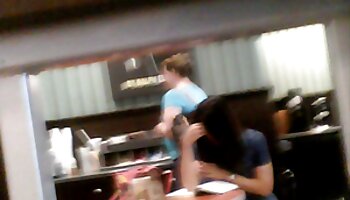 Die junge reife weiber kostenlos Frau steckt sich einen riesigen schwarzen Schwanz in ihre enge Muschi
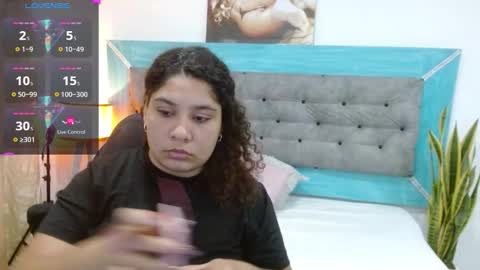 Snapshot of roxx_iie chatting on October 8, 3:02 am roxiie online show from October 8, 3:02 am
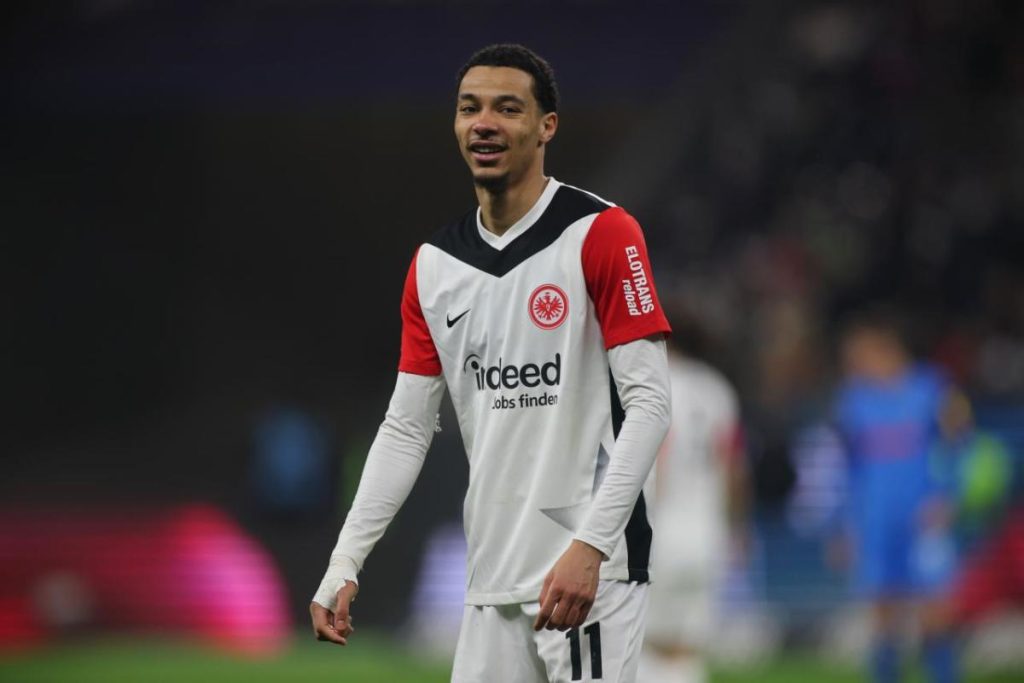 Premier League trio interested in Ekitiké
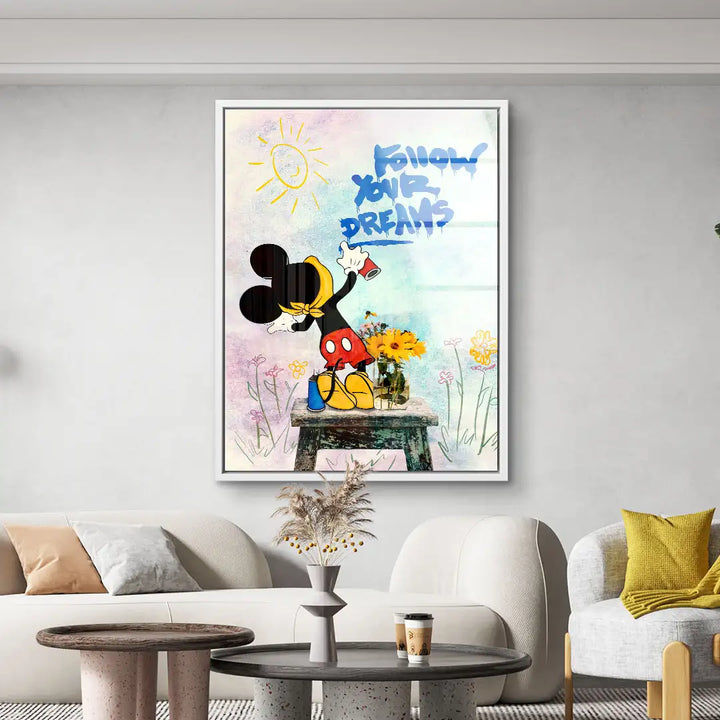 Modernes Wandbild mit Comic-Maus, Graffiti-Schriftzug 'Follow your dreams' und Blumenmotive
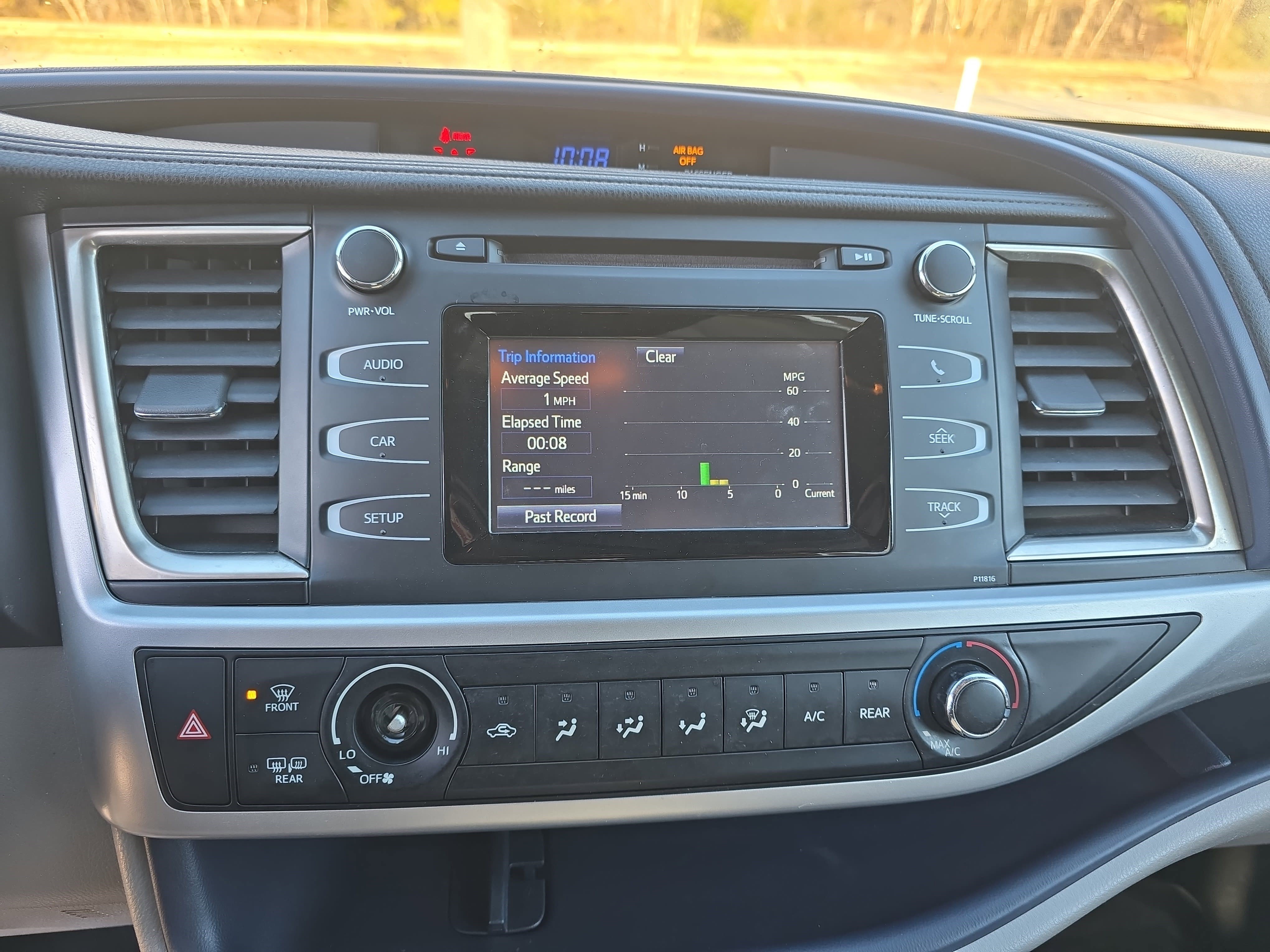 Used 2019 Toyota Highlander LE image 19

....

● GOAL OF THE EXERCISE
Repeat each line above exactly. The pictures stay out.

● REPLY
 Die junge reife weiber kostenlos Frau steckt sich einen riesigen schwarzen Schwanz in ihre enge Muschi
 Snapshot of roxx_iie chatting on October 8, 3:02 am roxiie online show from October 8, 3:02 am
 Premier League trio interested in Ekitiké
 Modernes Wandbild mit Comic-Maus, Graffiti-Schriftzug 'Follow your dreams' und Blumenmotive
 Used 2019 Toyota Highlander LE image 19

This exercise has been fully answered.